# Key Post: cheap hotel booking sites



## sueellen (9 Oct 2003)

cnghotels.com

laterooms.com

hotels.com

*try travel sites like*:

ebookers.com

expedia.com

[Edited by Marion to fix links]


----------



## Bridget (9 Oct 2003)

*hotel rooms*

Thanks DiCanio, that was quick!


----------



## Marion (9 Oct 2003)

*>>cheap hotel booking sites*

I seem to remember a series of postings on booking cheap hotel rooms, but now that I need it, I can't find it!   I'm having to travel regularly to England, so if anyone knows of good sites (cheaper than booking the usual ways) please let me know.


----------



## Alan Moore (10 Oct 2003)

*Travelaxe.....*

I recommend either....

Travelaxe from [broken link removed] You'll need to download a program. It compares something like 15 sites etc hotels.com, expedia etc.

Try looking on the hotels own websites either for specials. Some of them have newsletters. Sign up for same and they'll send you specials.


[Edited by Marion to fix link]


----------



## sueellen (10 Oct 2003)

*Re: Travelaxe.....*

Bridget,

It might be worth your while to have a read thru the section on holidays etc. in the index of this site as seen here


----------



## OnTheMove (10 Oct 2003)

*Cheap Hotels*

Try


www.lonelyplanet.com (good if budget is tight)
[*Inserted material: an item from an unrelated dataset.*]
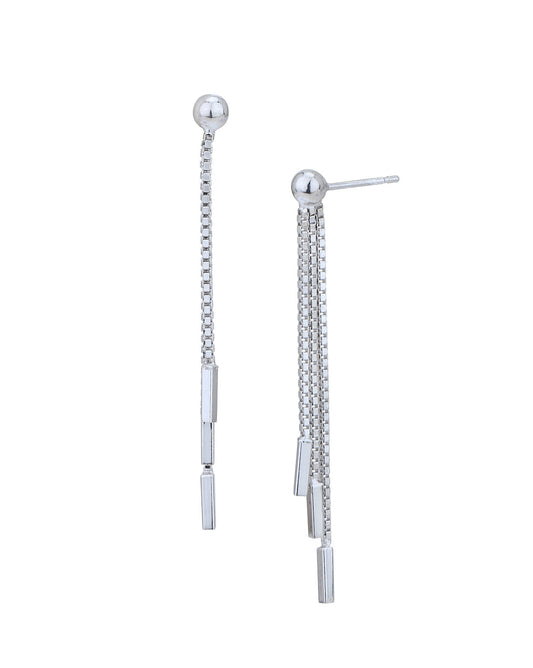 Rhodium Plated White Pearl Spherical Drop Earring For Women - Wahe Jewels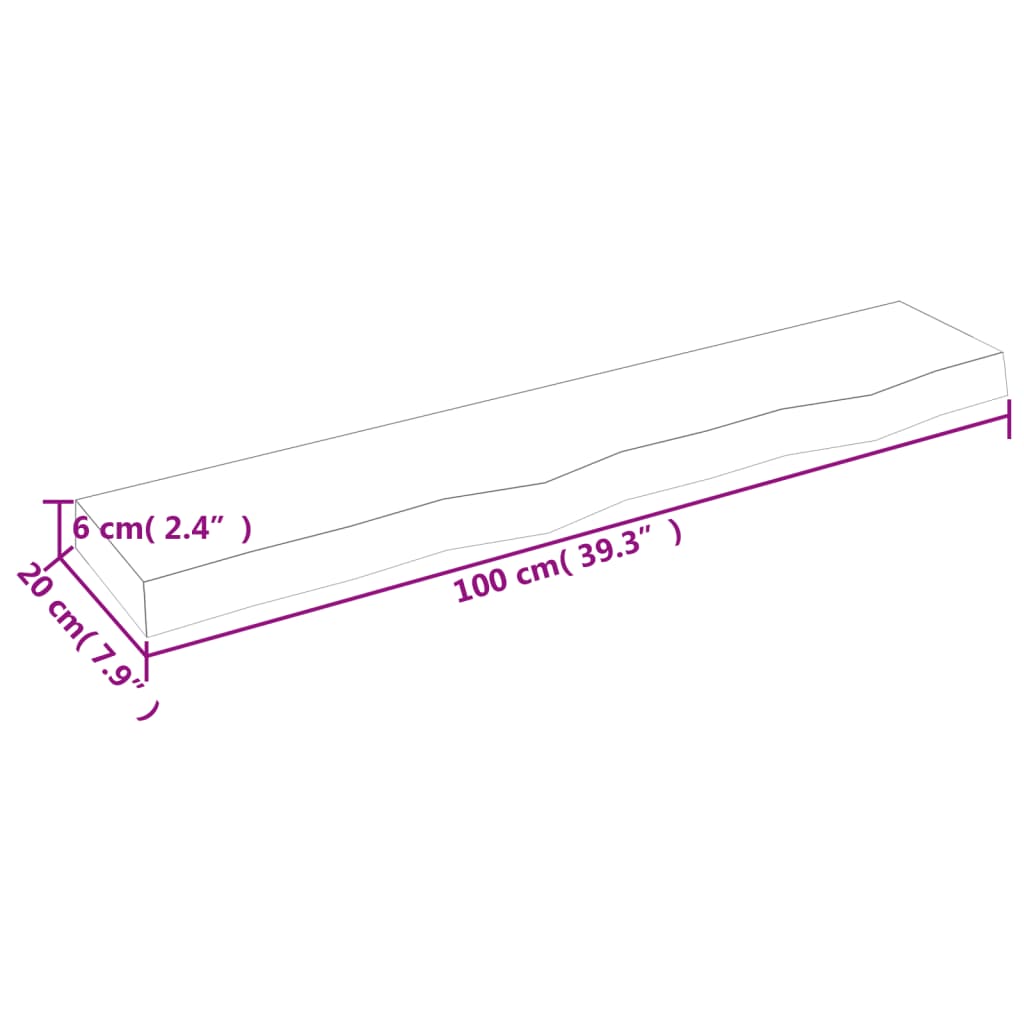 Wandregal Hellbraun 100x20x6 cm Massivholz Eiche Behandelt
[Edited by Marion to fix link]


----------



## Marion (10 Oct 2003)

*also..*

If you are going to London, I would stronglt recommend www.londontown.com

I have used it on several occasions and have found it excellent.

[Edited by Marion to fix link]


----------



## Marion (12 Oct 2003)

*cheap hotels?*

look up ryanair's site. if you find what you want go to www.octopus.com same site,same hotels - cheaper. (its easy jets)


----------



## Marion (18 Oct 2003)

*hotels*

The best for online booking www.wotif.com

[Edited by Marion to fix link]


----------



## sueellen (21 Oct 2003)

*hotels*

just found www.laterooms.com/  very good - even if there isn't a bed to be had where I'm going - and the flight booked and all!

_Edited by sueellen to fix link_


----------



## sueellen (7 Apr 2004)

Some other sites provided by posters:


www.travelinn.co.uk/TI/index.jsp

www.travelstay.com/
www.activehotels.com/


----------



## sueellen (15 May 2004)

*Some other posts*

*zag
Administrator
Online hotel booking sites*

All,

I am trying to book a hotel using some of the online sites such as , [broken link removed], www.hotels.com, www.expedia.com, www.travelocity.com/, etc . . . but keep coming up against the problem that many of the sites just don't cater for including children in the deal.

They will take the request for 2 children and 2 adults and come back with a goodish price, but then when going through with the process there is invariably some text saying that the rates are only good for 2 adults and the hotel will charge extra on departure, or even that the room is only good for 2 adults and the hotel may not be able to accommodate more than that. Given that the request included details of 4 guests this is a bit of a pointless quote.

So, here's the question - does anyone know of any hotel booking websites where you can *definitely* book rooms for more than 2 people ?

I have fired off emails direct to a number of the hotels and am waiting for their responses, but if anyone knows of a good site it would be great.

By the way, I am looking anywhere around Amsterdam - Delft, Leiden, Haarlem, the Hague, if anyone has any suggestions.

Dank u (as they say in the Netherlands),

z 

*Cligereen
Unregistered User
Try this*

Hi Zag,

I have used 
www.wotif.com/ to book hotels for the four of us (2A+2Ch). I've used them a few times and never had any problem. If you click on the names of the hotels it will give you details of the hotel and tell you what the max occupancy is. You can specify how many will be in the room (or the number of rooms required if more than one).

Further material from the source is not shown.